Поднявшись из кресла во весь свой гигантский рост, он заключил меня в медвежьи объятья. Таким я вижу его и сейчас: седые волосы и брови, черные как уголь глаза, широкая черная-пречерная борода, веером опускающаяся на жилет.

Робкое «добрый день, месье Бурна!» заставило меня сделать полуоборот: у своего стола, заваленного листками с алгебраическими формулами, стоял Менар. То был невысокий мужчина в очках, с козлиной бородкой и огромным морщинистым лбом. Под столь незначительной внешностью скрывался человек, знавший с десяток языков и способный извлекать немыслимые корни, человек, которому самые дерзкие теории физики и математики были так же ясны, как мне – бурдигальские ярусы в окрестностях Бордо. В этом мой дядя, превосходный исследователь и экспериментатор, не годился Менару даже в подметки, зато вдвоем они составляли могучую пару в области астрономии и атомной физики.

Стрекот пишущей машинки привлек мое внимание к другому углу.

– Ах да! – спохватился дядя. – Забыл тебя представить. Мадемуазель, это мой племянник Жан, бездельник, так и не научившийся точному счету. Позор нашей семьи!

– Не один же я такой, – возразил я. – Поль в арифметике смыслит не больше меня!
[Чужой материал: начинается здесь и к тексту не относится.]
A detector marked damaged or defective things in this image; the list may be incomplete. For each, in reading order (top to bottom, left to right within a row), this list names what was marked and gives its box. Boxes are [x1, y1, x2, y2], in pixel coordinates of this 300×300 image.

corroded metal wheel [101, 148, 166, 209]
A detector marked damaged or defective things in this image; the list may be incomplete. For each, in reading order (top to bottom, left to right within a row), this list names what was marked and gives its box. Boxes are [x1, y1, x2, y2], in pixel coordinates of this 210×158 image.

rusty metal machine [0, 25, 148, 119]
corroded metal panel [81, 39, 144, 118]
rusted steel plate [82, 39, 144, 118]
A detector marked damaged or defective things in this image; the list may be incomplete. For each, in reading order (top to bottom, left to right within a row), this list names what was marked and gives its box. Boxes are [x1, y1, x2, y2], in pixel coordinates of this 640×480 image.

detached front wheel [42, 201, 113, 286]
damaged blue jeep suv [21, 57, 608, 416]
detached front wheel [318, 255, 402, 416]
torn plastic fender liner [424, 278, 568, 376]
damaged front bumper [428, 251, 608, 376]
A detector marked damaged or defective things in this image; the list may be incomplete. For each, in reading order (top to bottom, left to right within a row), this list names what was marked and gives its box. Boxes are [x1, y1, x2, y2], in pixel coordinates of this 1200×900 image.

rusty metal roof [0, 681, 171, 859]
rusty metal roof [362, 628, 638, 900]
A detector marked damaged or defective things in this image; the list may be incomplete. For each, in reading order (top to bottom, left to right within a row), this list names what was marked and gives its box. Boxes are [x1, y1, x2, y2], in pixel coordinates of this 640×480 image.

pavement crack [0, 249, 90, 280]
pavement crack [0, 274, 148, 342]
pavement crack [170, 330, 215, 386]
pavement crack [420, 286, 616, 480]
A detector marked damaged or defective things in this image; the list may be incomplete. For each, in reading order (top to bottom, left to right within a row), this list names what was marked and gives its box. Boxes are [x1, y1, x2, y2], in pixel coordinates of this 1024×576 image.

– Тут ты прав, – признал дядя. – И это притом что их отец щелкал интегралы как орехи! Хиреет наш род, хиреет… Впрочем, с ними тоже не все так плохо. Жан обещает стать прекрасным геологом, а Поль, я надеюсь, кое-что все же понимает в этих его ассирийцах.

– В индусах, дядюшка, в индусах!

– Да какая, в общем, разница: что одни полный сброд, что другие! Жан, это Мартина Соваж, сестра Мишеля, наша ассистентка.

– Как поживаете? – произнесла девушка, протягивая мне руку.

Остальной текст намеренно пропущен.